Your answer must be the full listing, word for word, with no images in it.

INFORMATION SHOWN:
---

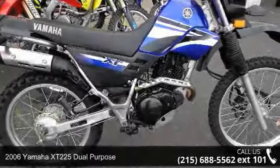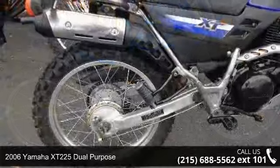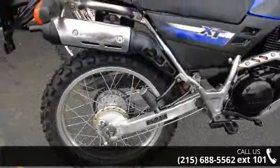Presenting the 2006 Yamaha XT225. If you are looking for a great motorcycle, this one could be yours today.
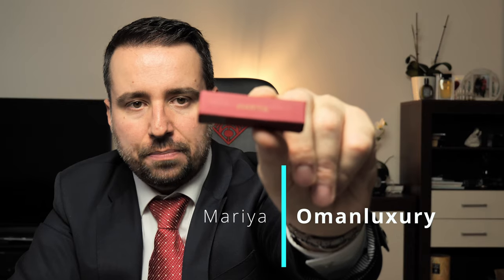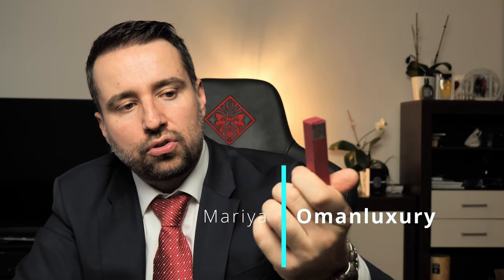Hi guys, welcome to a new video. Today I have the pleasure to present you Maria with Ypsilon from Oman Luxury. This is a unisex perfume released in 2020. I found out about this nice release a while ago, but because they are not distributed everywhere it was difficult to find a sample to try. This one comes in a beautiful black bottle.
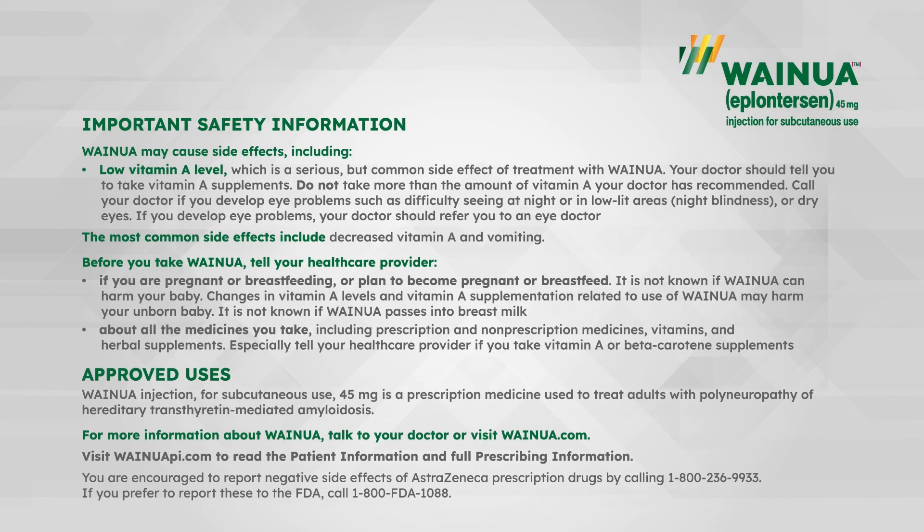For more information about Weinua, talk to your doctor or visit Weinua.com. Visit WeinuaPI.com to read the patient information and full prescribing information.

---

WRITTEN ANSWER:
Presenting the 2006 Yamaha XT225. If you are looking for a great motorcycle, this one could be yours today.
Hi guys, welcome to a new video. Today I have the pleasure to present you Maria with Ypsilon from Oman Luxury. This is a unisex perfume released in 2020. I found out about this nice release a while ago, but because they are not distributed everywhere it was difficult to find a sample to try. This one comes in a beautiful black bottle.
For more information about Weinua, talk to your doctor or visit Weinua.com. Visit WeinuaPI.com to read the patient information and full prescribing information.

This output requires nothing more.